H2HDB Downloader (h2hdb-downloader)

Automates downloading galleries from exhentai/e-hentai (via hbrowser) and recording their state in an h2hdb database. It has no CLI or standalone runtime of its own — it's a library consumed by another project that owns the browser session and the overall process lifecycle.

Concepts

  • Gallery — a single exhentai/e-hentai gallery, identified by a gid (numeric id) and represented as h2h_galleryinfo_parser.GalleryURLParser once its URL is known.
  • Dedup — before issuing a real network download, the package checks h2hdb to see if the gid is already settled (downloaded, and not flagged for redownload). Settled gids are skipped — except periodically, at a random interval (1 to 19 attempts), when one is force-redownloaded anyway as an integrity re-check.
  • Durable queue — every download attempt is logged to the h2hdb todownload_gids table before it starts and cleared after it finishes, so a process killed mid-download leaves a trace that gets retried on the next run instead of silently disappearing. The same table doubles as a manual work queue: drop a (gid, url) row into the CSV file you configure as csv_path and it will be picked up the next time the queue is drained.
  • Deep download — download a gallery, then look at its artist/group tags and download sibling galleries that match a set of search conditions (e.g. other-language releases of the same work).

API

Downloader is the sole public export.
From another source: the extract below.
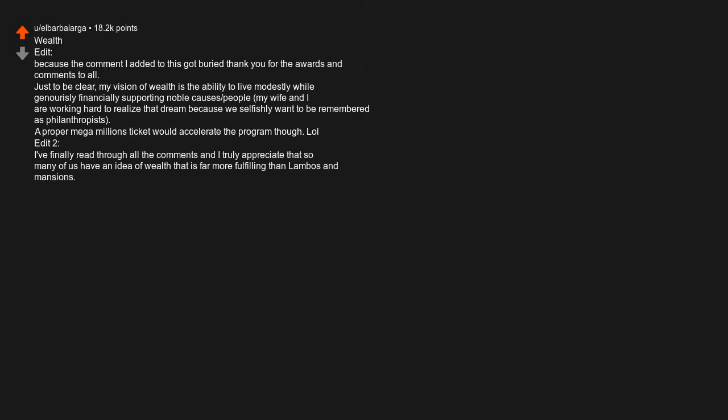I've finally read through all the comments and I truly appreciate that so many of us have an idea of wealth that is far more fulfilling than Lambos and mansions. Here's to a future of true wealth. Divorce. Getting rabies. Edit: the amount of facts some of you know about rabies is scary.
Every method either acts on a target you explicitly pass in, or — for the two queue-reading methods below — hands back a plain value with no further bookkeeping required from you. There is no "run the whole thing" method: deciding when to stop, what order to process things in, and how to report progress is the calling application's job, not the library's.

Downloader(
    driver: ExHDriver,         # an un-entered driver; see below
    config_path: str,          # path to the h2hdb JSON config
    csv_path: str | None = None,  # path to the manual download-queue CSV
    *,
    wait4client: int,       # seconds to wait before retrying after ClientOfflineException
    retry2download: int,    # seconds to wait before retrying after InsufficientFundsException
)

csv_path only enables the optional "queue a gid/url by editing a CSV file" feature described above — leave it as None if you don't need that; the durable in-flight log and dedup cache work identically either way.
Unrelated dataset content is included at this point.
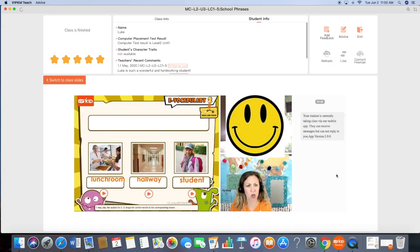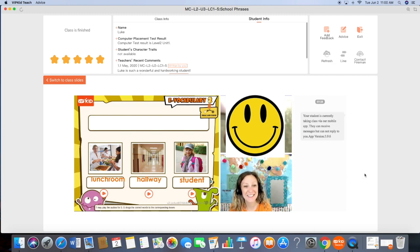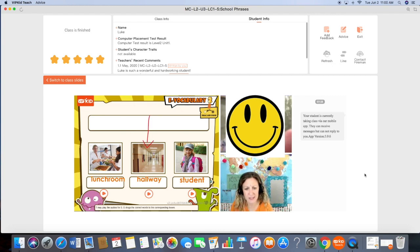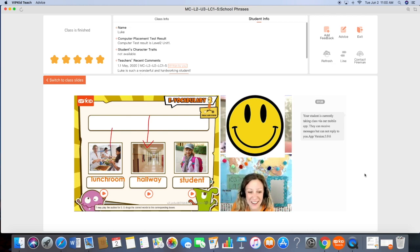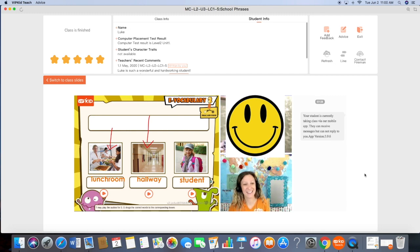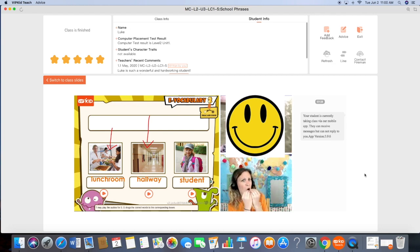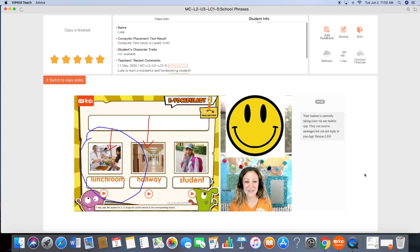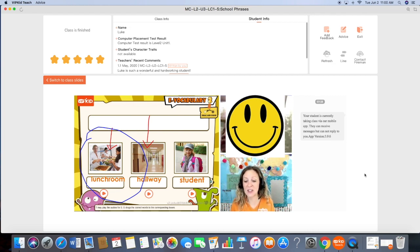Are you a student? Very good. What is this? Very good. Where do you eat? Good. I like it.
Downloader is itself an async context manager that opens and closes the browser session for you, so driver is expected un-entered:

async with Downloader(ExHDriver(headless=False), ...) as downloader:
    ...

If you'd rather manage the driver's lifecycle yourself, pass an already-entered driver and skip async with downloader.
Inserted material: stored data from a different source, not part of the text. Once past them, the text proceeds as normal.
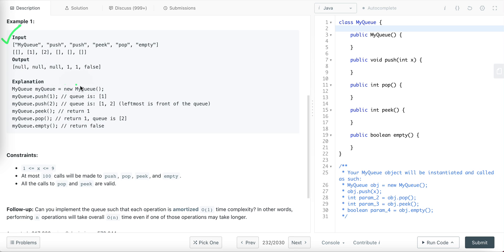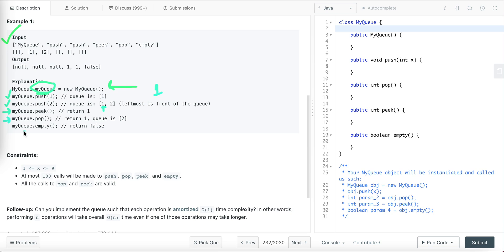Let's look at an example. An instance of MyQueue is created, then push one is called, then push two. When peek is called, it returns one — the element at the front — without removing it. Then pop is performed, which removes one from the queue. When the empty method is called, it returns false because one element, two, is still present in the queue.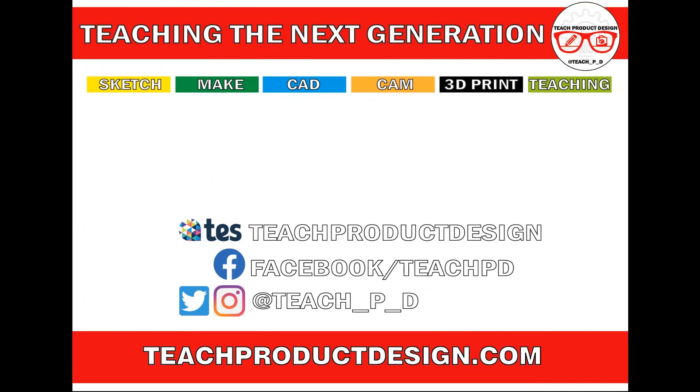Thanks for watching. And if you found this content helpful, please click like and subscribe. And also check out any other resources and videos created using the links in the description. I'll see you on the next one.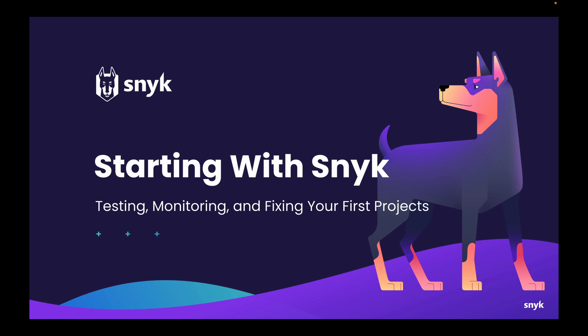In this video we're going to talk about starting with Snyk, including how to import your first projects to test, monitor, and fix the issues that you find in your applications.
Method names follow one rule throughout: no suffix means it operates directly on a GalleryURLParser you already have; _by_gid means it resolves a bare gid to its gallery via search first, then does the same thing.

  • await download_by_gallery(target) — download one GalleryURLParser, or an iterable of them. Returns {gallery: downloaded} for each. Retries automatically on ClientOfflineException (waits wait4client seconds) and InsufficientFundsException (waits retry2download seconds); a wait of 0 means "don't retry, raise immediately."
  • await download_by_gid(gid) — resolve a bare gid to its gallery via search, then download it. If the gid no longer resolves to anything, it's recorded as removed in h2hdb; if it resolves to a different gid (the gallery was merged/redirected), the original gid is flagged for deletion. Either way, gid is fully settled in the pending-redownload queue before this returns — callers never need to do that bookkeeping themselves.
  • await download_by_tag(tag, conditions) — download every gallery under a hbrowser Tag, once per search condition in conditions (or unconditionally if conditions is empty).
  • await deep_download_by_gallery(gallery, policy, skip_check=False) — download gallery, then for each tag in policy.filters (e.g. "artist", "group") on that gallery, call download_by_tag with policy.conditions. The cascade only runs if the initial download actually happened, unless skip_check=True forces it to run regardless (useful when you already know the gallery is downloaded from a separate call and just want the cascade). policy is a TagCascadePolicy(filters, conditions) — both fields always travel together, so they're grouped into one frozen value object rather than two parallel parameters.
  • await deep_download_by_gid(gid, policy, skip_check=False) — same gid-resolution as download_by_gid, but deep.
  • await drain_queue(policy, skip_check=True) — process everything currently queued right now: anything queued manually via the CSV, plus anything left in-flight by a previous interrupted run. Doesn't loop or wait for more — it's a single, bounded pass over a snapshot.
  • pending_redownload_gids() — a snapshot list of gids h2hdb currently flags as needing a redownload. Read-only; safe to call repeatedly as you work through it.

Example

The calling application owns the loop. A typical one drains the queue once, then walks the pending-redownload list, deep-downloading anything that actually got (re)downloaded:

import asyncio
from h2hdb_downloader import Downloader, TagCascadePolicy
from hbrowser import ExHDriver
from h2h_galleryinfo_parser import GalleryURLParser

policy = TagCascadePolicy(
    filters=("artist", "group"),
    conditions=("language:chinese$", "language:speechless$"),
)


async def main():
    async with Downloader(
        ExHDriver(headless=True),
        config_path="h2hdb-config.json",
        csv_path="todownload_gids.csv",
        wait4client=30 * 60,
        retry2download=4 * 60 * 60,
    ) as downloader:
        gallery = GalleryURLParser("https://exhentai.org/g/123/456/")
        await downloader.download_by_gallery(gallery)
        await downloader.download_by_gid(666)
        await downloader.deep_download_by_gallery(gallery, policy)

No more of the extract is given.